TTP: Reaching Across Time: Four Thoughts on Steve Bannon and Duff Green

Permit me a few additional remarks on the commonalities between Donald Trump (the second Jackson) and Steve Bannon in 2108 and Andrew Jackson (the first Trump) and Duff Green in 1831. As you’ll know from my recent posts, I regard Green as Bannon-like. Green was the moving force behind the United States Telegraph, a new kind of political newspaper in the 1820s and 1830s, one that featured scandal, raw sensationalism, and took careful aim on those it regarded as “establishment”-types. It was also, for a time, a virulent defender of all things Jackson.
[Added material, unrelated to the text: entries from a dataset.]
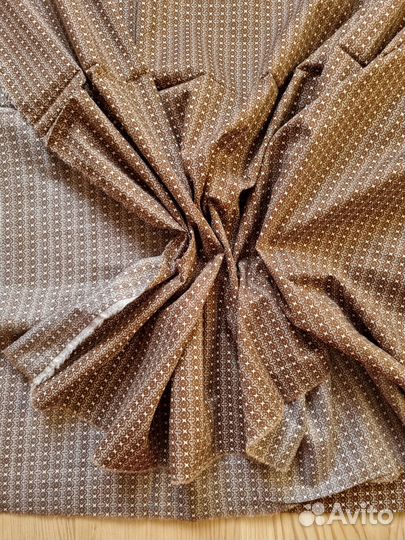 Ткань хлопок рубашечный Марокко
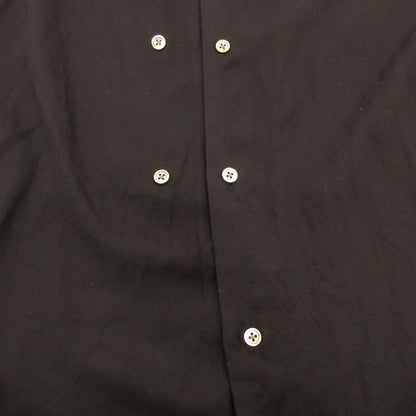 SEA | Sea double-buttoned short sleeve shirts TV-SH-07 black Size: 2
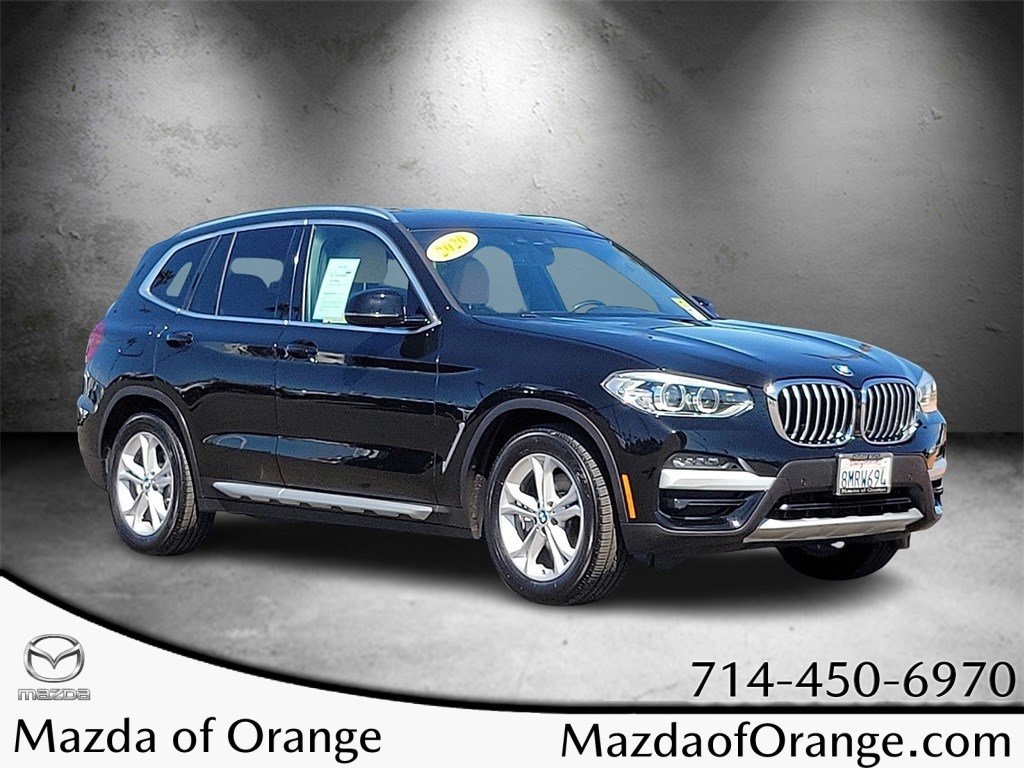 2020 BMW X3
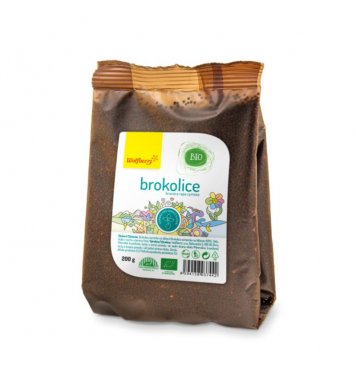 Brokolice semínka na klíčení BIO 200g Wolfberry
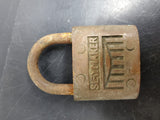 Antique/Vintage Collection of 2 Slaymaker Padlocks-Keys not Included-Gorgeous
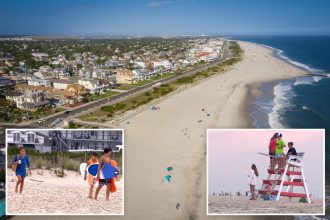 Cape May bans minors from beach in Jersey Shore curfew crackdown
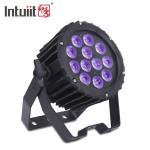 12* Tri - 3W 3 In 1 Waterproof LED Par Light Club Disco Dj Equipment Wedding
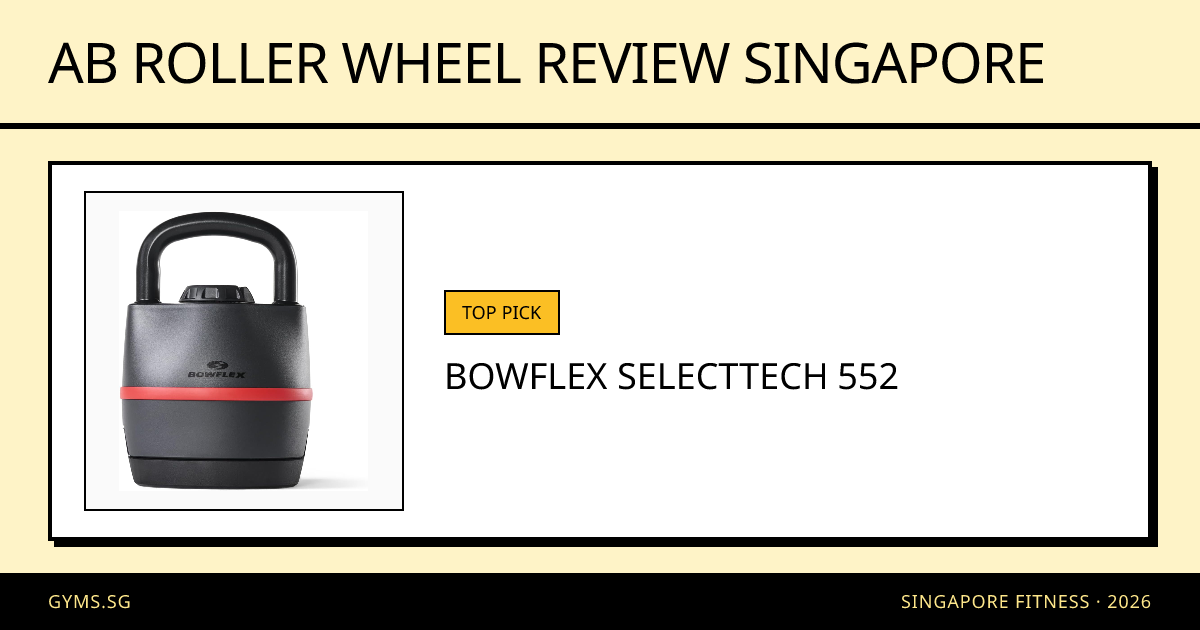 Ab Roller Wheel Review Singapore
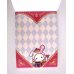 Photo3: San-X Sentimental Circus Mini Memo Pad Heart Brand New Red (3)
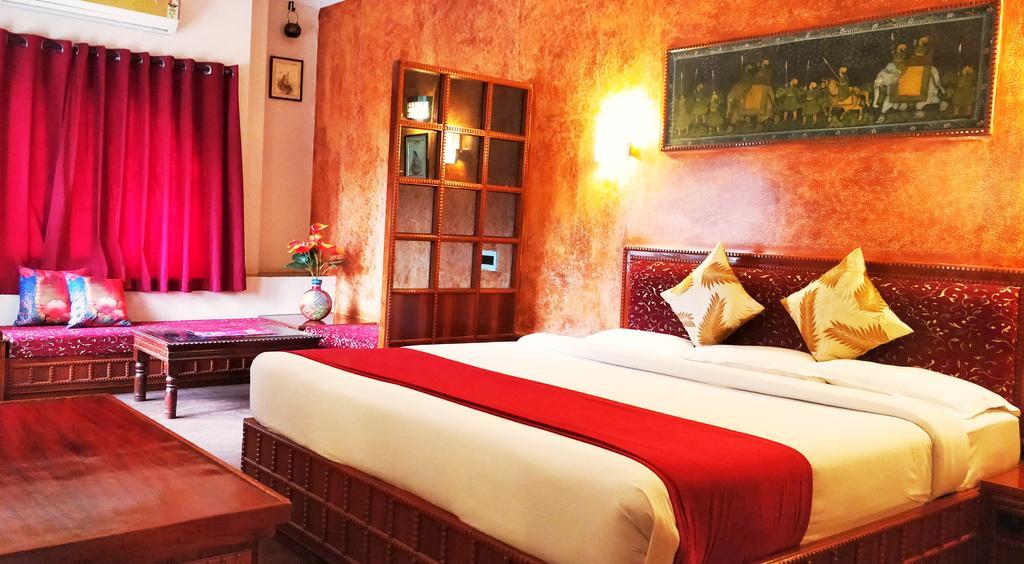 Hotel Maganji'S Mount Âbû Extérieur photo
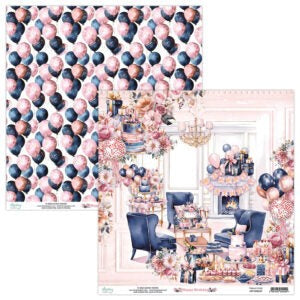 MINTAY BY KAROLA 12 X 12 ELEMENTS HAPPY BIRTHDAY 01 - MT-HAB-01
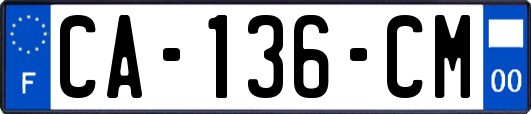 CA-136-CM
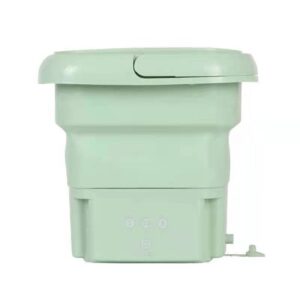 Portable Washing Machine Mini Washer with 3 Modes Deep Cleaning Half Automatic Washt, Socks, Baby Clothes, Towels, Delicate Items(A1)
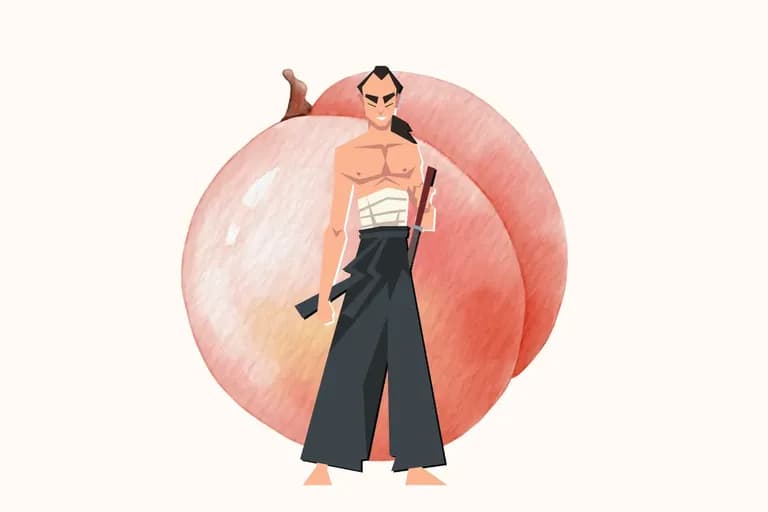 Momotaro: Die Geschichte vom Sohn des Pfirsichs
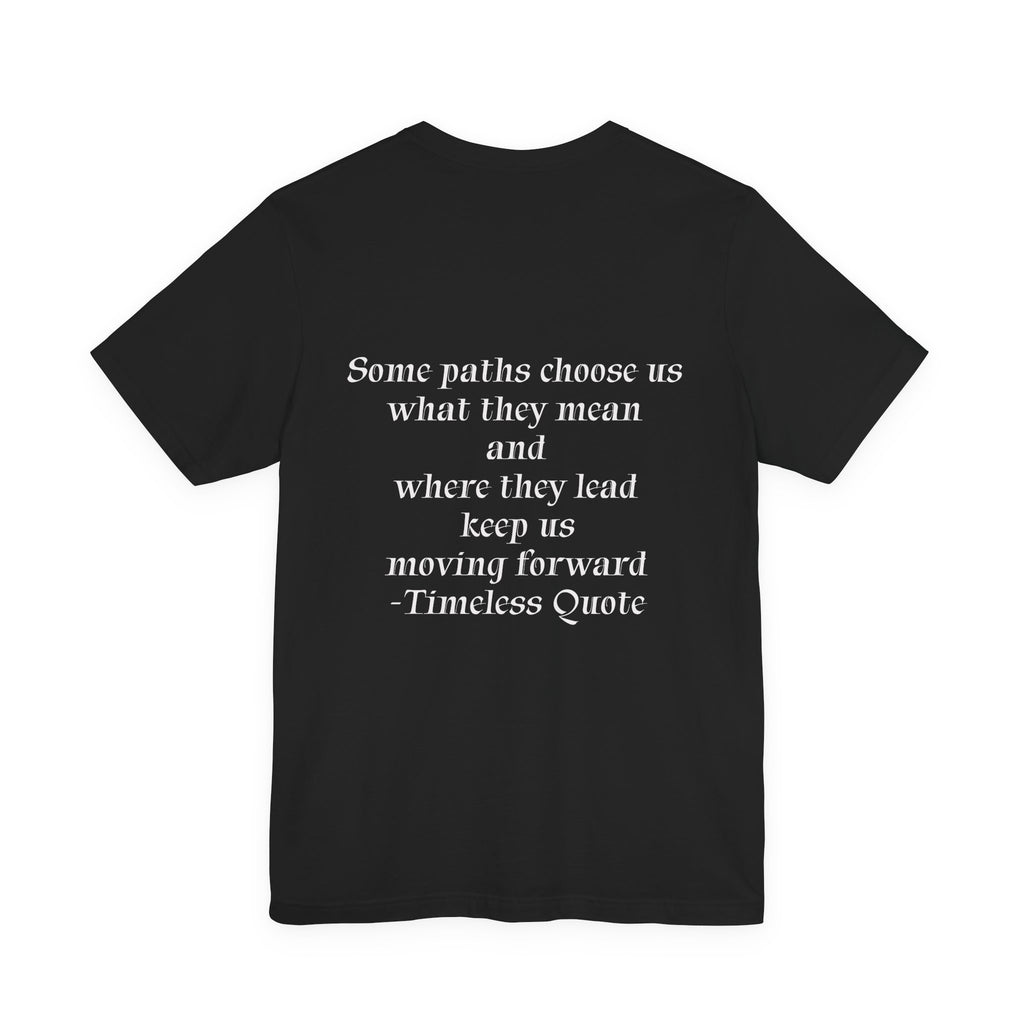 There Are Paths We Choose Tee | Easter Christian, church humor, pastel retro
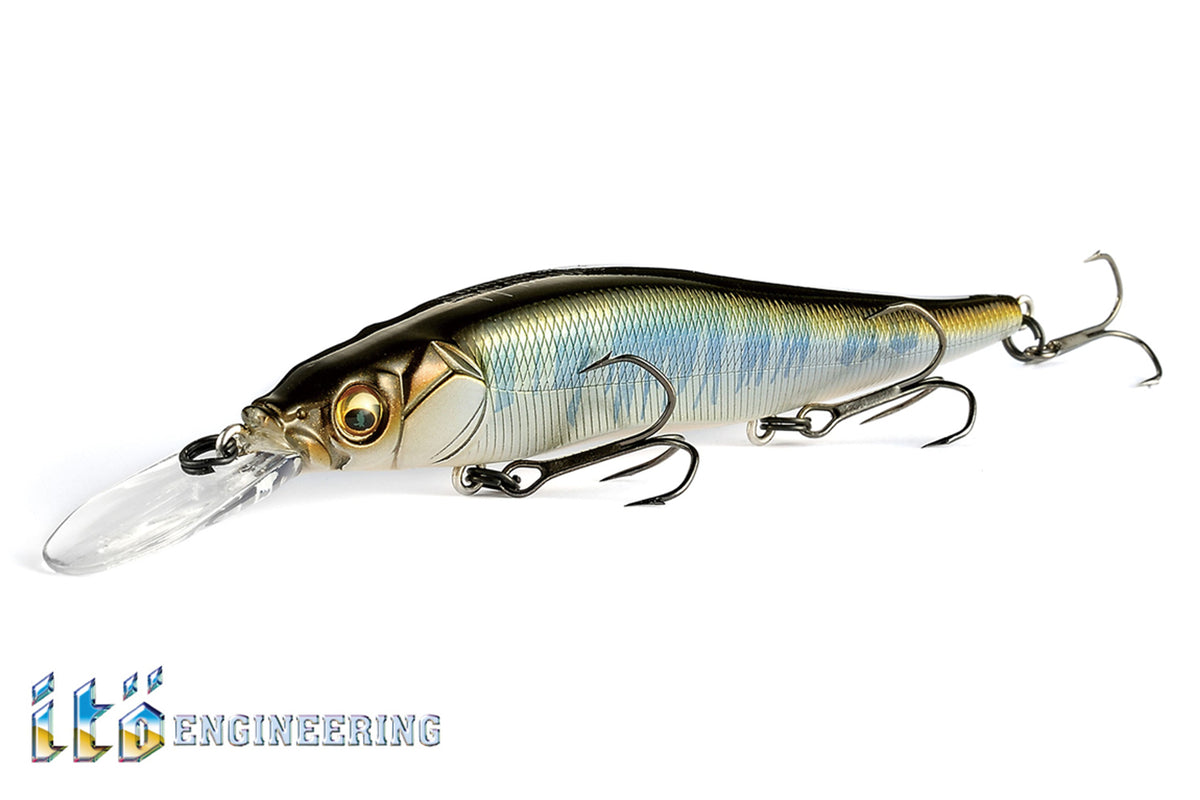 Vobler Megabass Vision Oneten+1 110mm 14gr Mg Secret Shadow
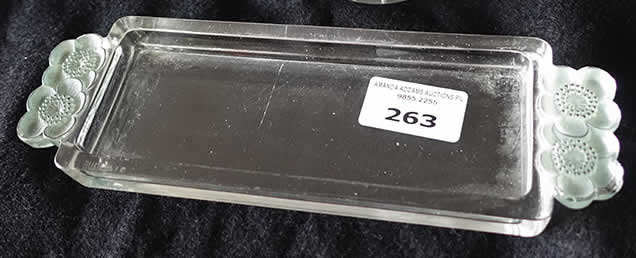 Rene Lalique Ashtray Eglantines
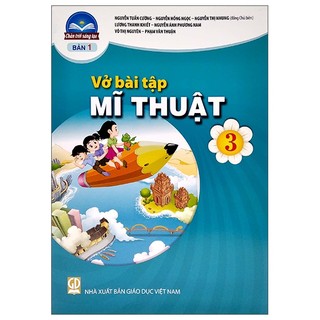 Sách - vở bài tập mĩ thuật lớp 3 bản 1 - chân trời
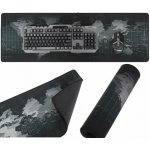 ISO 8517 Podložka pod myš a klávesnici Mapa světa 88x30cm – Zboží Živě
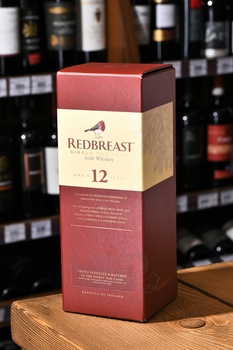 Redbreast 12 Years Old - виски Редбрест 12 лет 0.7 л в п/у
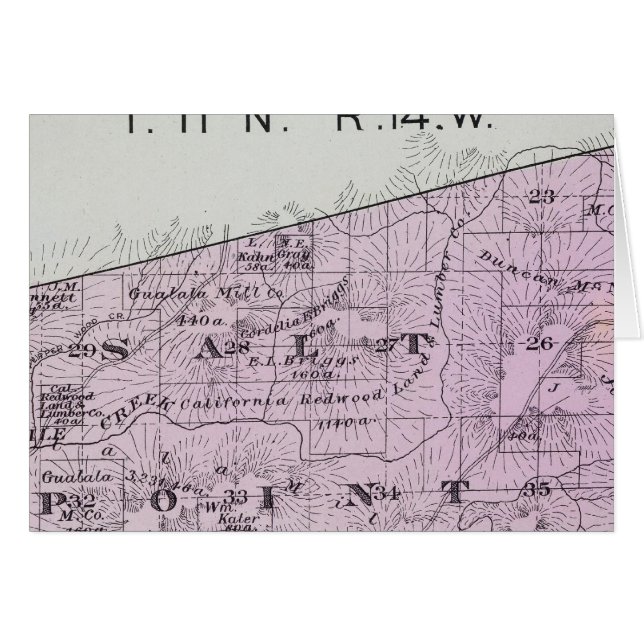 Condado de Sonoma, California 36 (Anverso (Horizontal))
Four points resonate with me on the joining of Bannon and Green. First, the role of new, or new-ish, media is critical. Both Bannon and Green take much of their status from that. They revel in that apparent power, crafting it as their own version of the outsider status associated with Jackson and Trump, respectively. Second, both Bannon and Green plant their new media platforms directly in the audiences of new political groups and the attitudes these groups possess. Furthermore along this line, they see themselves as bridges between the president and the newly-rising groups. In the fashion of pre-social medial trolls from long-ago, they guard the bridge with zeal and vigor. Third, the dispute between media outlets and the president identified with those outlets, while personal and petty, also has connections to much bigger issues. Fourth, the split comes early on, before any re-election campaign. Naturally, many important differences exist between Bannon in 2018 and Green in 1831. For me, the truly startling thing is how many similarities there are in spite of the differences.